西洋の刀匠たちと日本刀

<キース・オースチン延平>

長野県坂城町に工房を持つ、人間国宝・宮入行平に弟子入りし、修業に励んだアメリカ人の刀匠キースオースチン延平は、正式に作刀認可を受けた唯一の外国人だった。

1965年から、著名な刀匠の下で五年間熱心に修行し、文化庁の作刀承認を受けて、刀匠になる。師匠の一字を取って「延平」と名乗った。

<テールデニー>・・・日本びいきのアメリカ人

明治から昭和にかけて活躍した、宮内省刀工の一人・桜井正次の弟子として、刀鍛冶を学んだアメリカ人がいる。名前はジョージ・チルデン。刀匠名として作刀に切った銘は「テールデニー」。

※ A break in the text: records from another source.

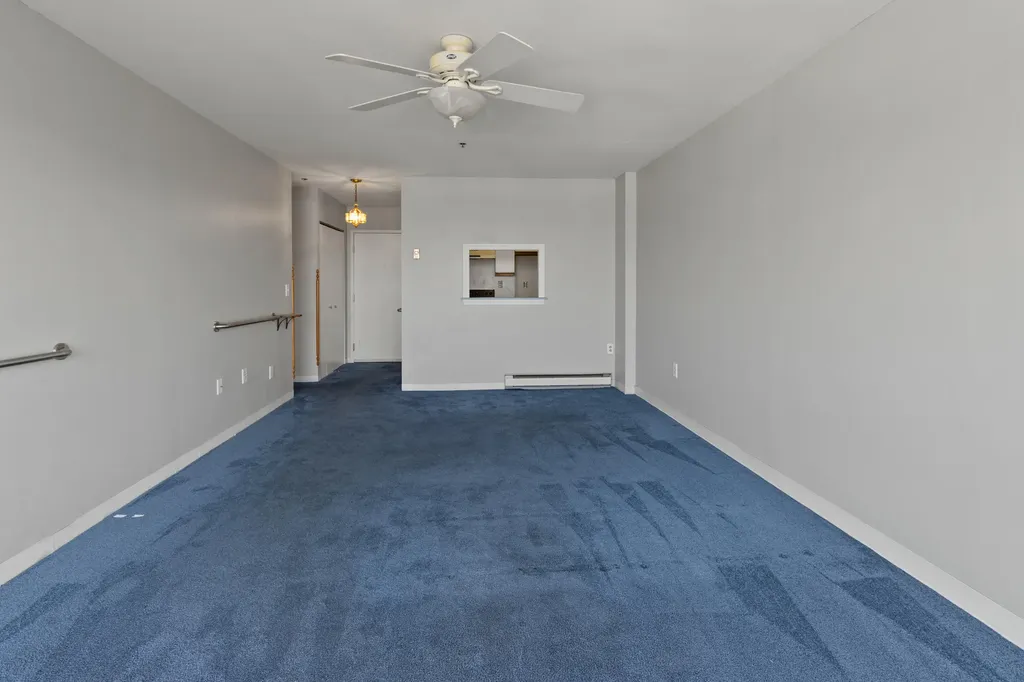 148 Breakwater Drive South Portland ME 04106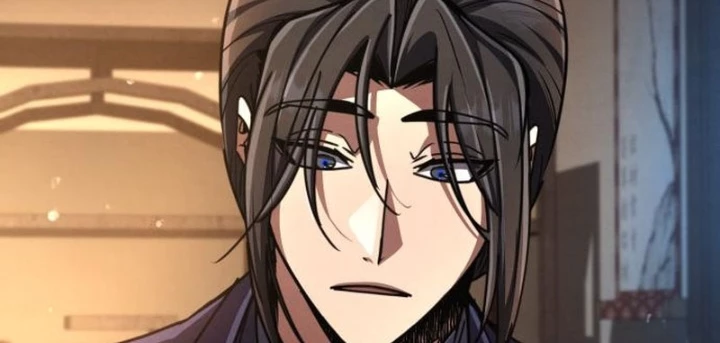 Sự Trở Lại Của Quyền Vương Chapter 25 - 54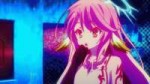 jibril-gif-8.gif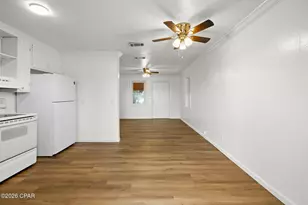 2004 Drummond Ave, Panama City, FL 32405 - Photo 22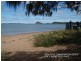 14 Ganter Street, Yeppoon QLD 4703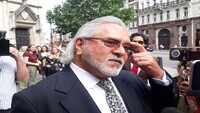 Vijay Mallya wins right to appeal against extradition
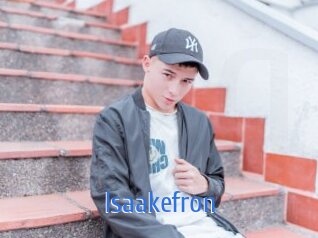 isaakefron 12x Gay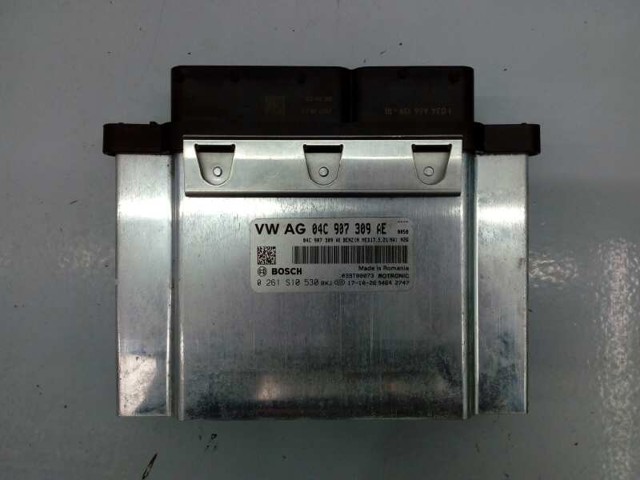 04C907309AE VAG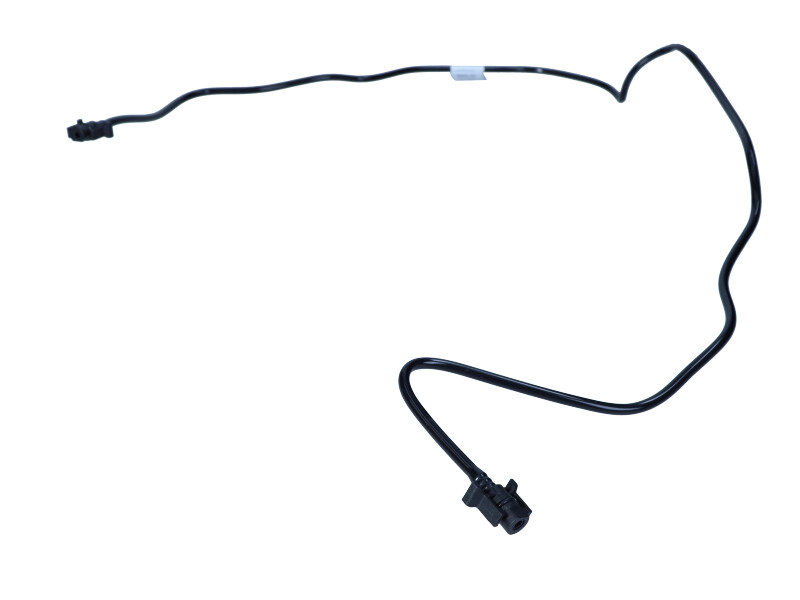 MAXGEAR 18-1645 Kühlerschlauch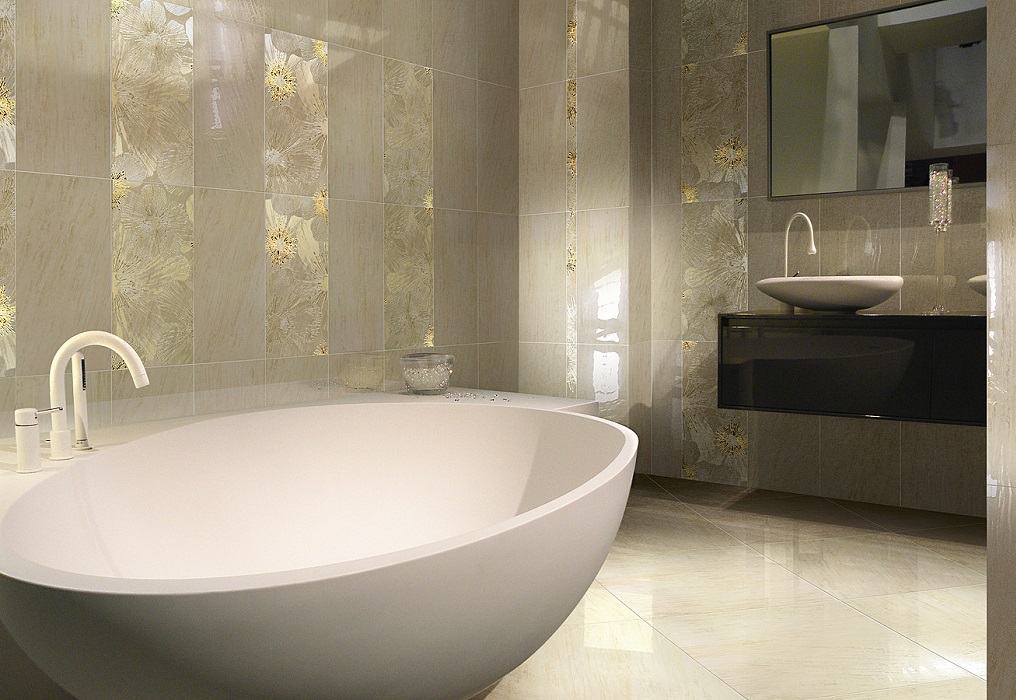 design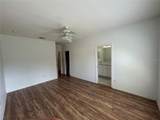 3121 Capri Isle Way - Photo 13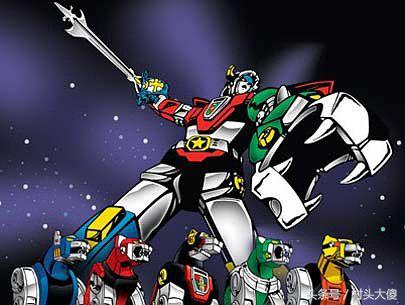 盘点90后00后小时候看过的动画片,90后小时候的冷门动画片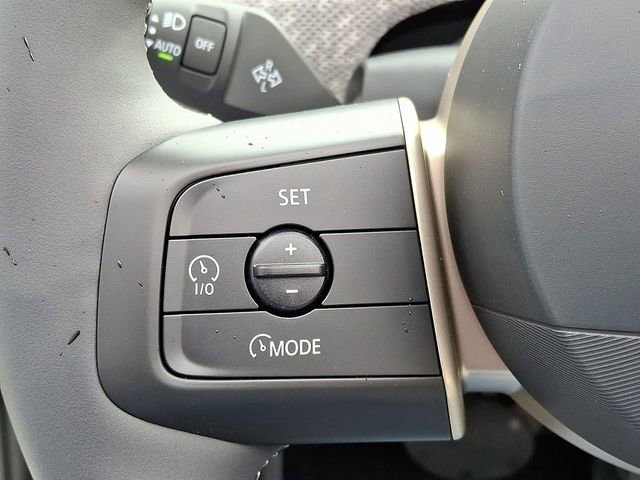 New 2026 MINI Cooper S image 13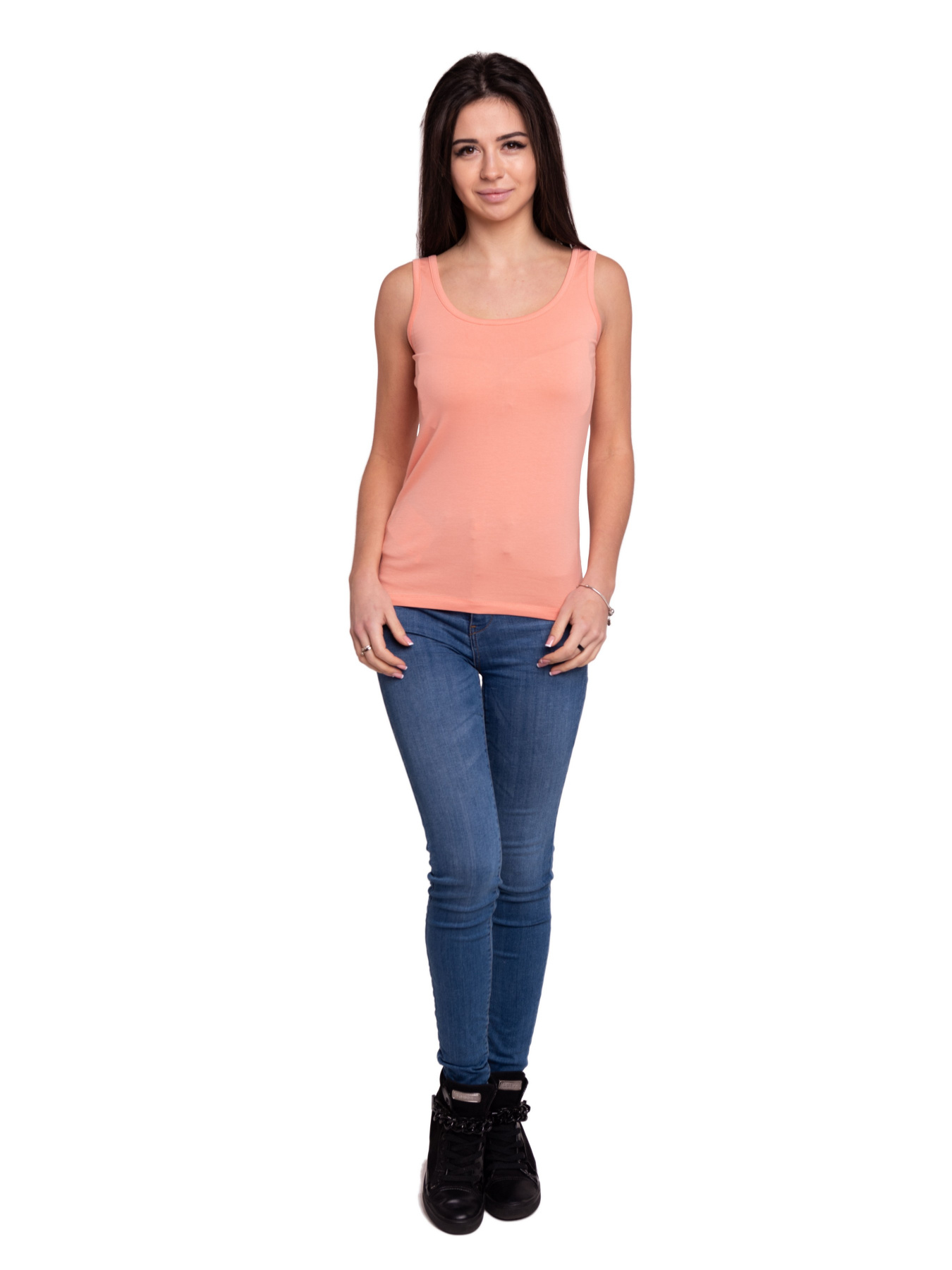 Майка для дома Наталюкс модель 41213351520 Фото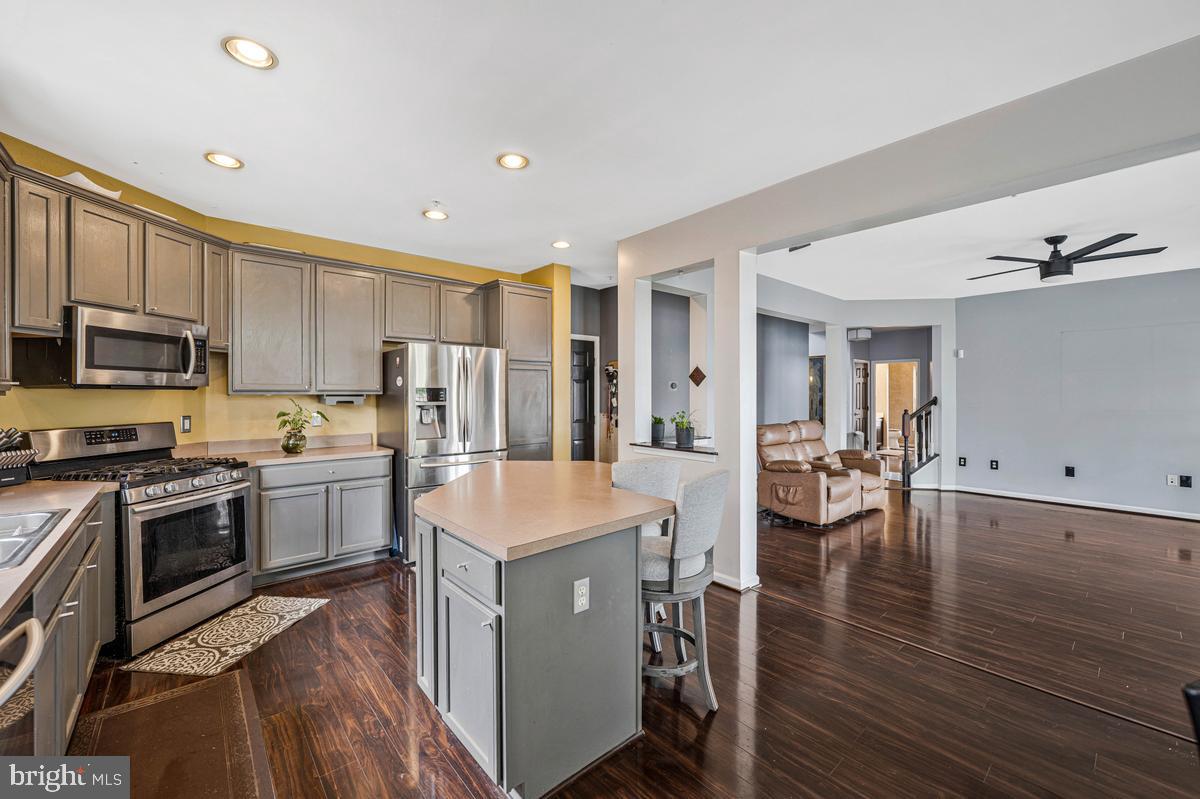 13404 Gwynn Park Ct Property Photo 18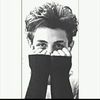 ahmed.elshrqawy7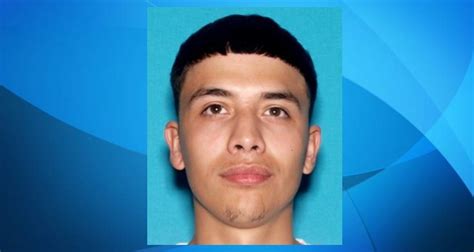 $10,000 reward offered for information on teen killed in Palmdale drive-by shooting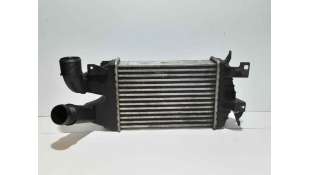 BOMBA INYECCION MERCEDES-BENZ CLASE S (1999-2002) S 320 CDI (220.026, 220.126) 197CV 3222CC - L.6311282 / A6130700001 2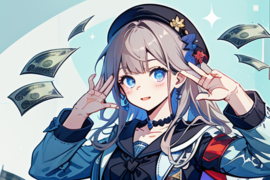 父母在银行存款子女可以取钱吗安全吗（父母的存款孩子如何取款）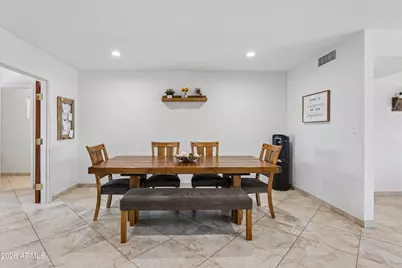 2922 E Altadena Avenue, Phoenix, AZ 85028 - Photo 15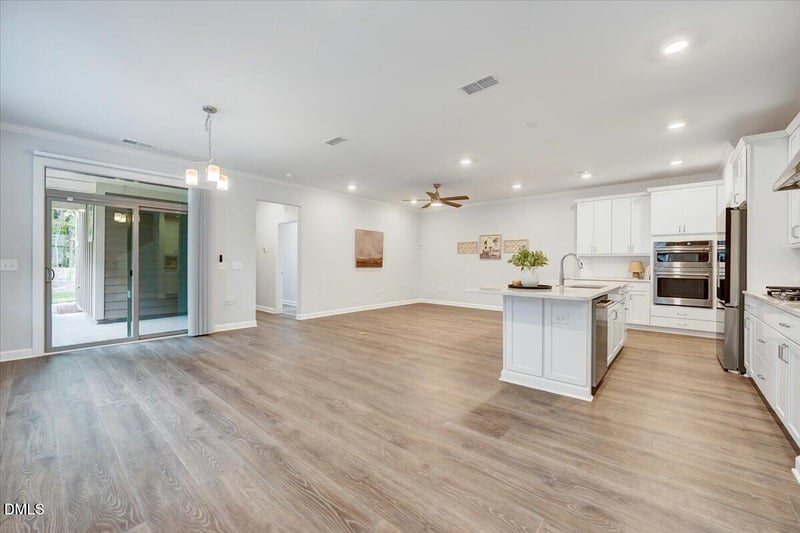 841 Money Island Pl, Cary, NC 27519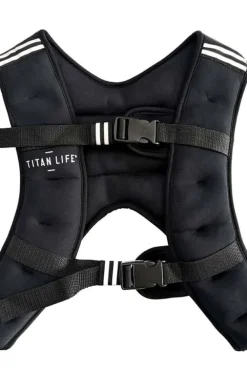 TITAN LIFE løpevekst 3 kg unisex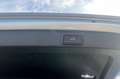 Skoda Superb 1.5 TSI PHEV 204PK Virtual Cockpit |Plugin Hybrid Argent - thumbnail 13
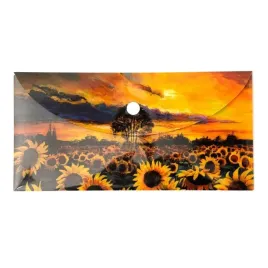 teczka-kopertowa-pp-dl-sloneczniki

天照大御神の刺青を腕にいれ、正月には羽織袴を着て伊勢神宮を参拝するほどの、日本好きだったという。

日本刀一問一答

問い・・・日本刀と銃弾、どちらが強い・・・

 答え・・・テレビ番組で行った実験。刃先をこちらかわに向けて立てた日本刀に向かって発砲した。すると刃先に当たった銃弾は真っ二つに。銃弾は、鉛や銅などの軟らかい金属を主成分としており日本刀の強さは当然であろう。

 問い・・・貧しい武氏は、どんな刀を持っていた。

 答え・・・江戸時代下級武士でも代々受け継がれてきた名刀を持つものはいた。新しいものを買うとなると、古物商で安価な質流れの刀を買ったり、それさえ買えない貧しい武士は、刀を売り払い、代りに竹を削り刀のように見せかけた「竹光」を持っていた。

 問い・・・左利きの武士は右腰に日本刀を差していたのか

 答え・・・武士の作法を考えると、左腰に差すのが常識でいくら左利きでも右腰に差すとは考えにくい。左利きであっても、子供のころから矯正されていたと思われる。

 問い・・・白いポンポンを刃に当てているのはなにをしている。

 答え・・・ポンポンとしながら、古い油をとっている。あのポンポンの中には、「打ち物」と呼ばれる砥石の粉が入っている。その粉を刀身に軽く付け、紙で拭く事で、刀身に塗ってある古い油が取り除かれ、さらに、刀身を美しく仕上げる働きもある。